Give again every line from the one with "7841 Fort Smith Road" through the last line of the data, exactly, and leave out the lines before it.

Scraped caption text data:
■ ■ ■ ■ ■
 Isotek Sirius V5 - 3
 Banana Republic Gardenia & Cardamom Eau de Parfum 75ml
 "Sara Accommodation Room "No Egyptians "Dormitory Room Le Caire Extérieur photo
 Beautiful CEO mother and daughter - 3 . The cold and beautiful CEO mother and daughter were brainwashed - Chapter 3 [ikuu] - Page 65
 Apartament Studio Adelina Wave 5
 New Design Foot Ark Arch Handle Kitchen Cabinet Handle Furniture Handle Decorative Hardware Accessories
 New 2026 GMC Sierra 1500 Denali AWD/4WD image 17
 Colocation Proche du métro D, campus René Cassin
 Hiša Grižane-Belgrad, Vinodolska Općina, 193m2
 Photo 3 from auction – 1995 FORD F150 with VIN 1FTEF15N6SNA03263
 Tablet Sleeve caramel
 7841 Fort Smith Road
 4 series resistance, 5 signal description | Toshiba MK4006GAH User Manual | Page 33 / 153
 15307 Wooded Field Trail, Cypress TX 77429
■ ■ ■ ■ ■
## Expected answer
 7841 Fort Smith Road
 4 series resistance, 5 signal description | Toshiba MK4006GAH User Manual | Page 33 / 153
 15307 Wooded Field Trail, Cypress TX 77429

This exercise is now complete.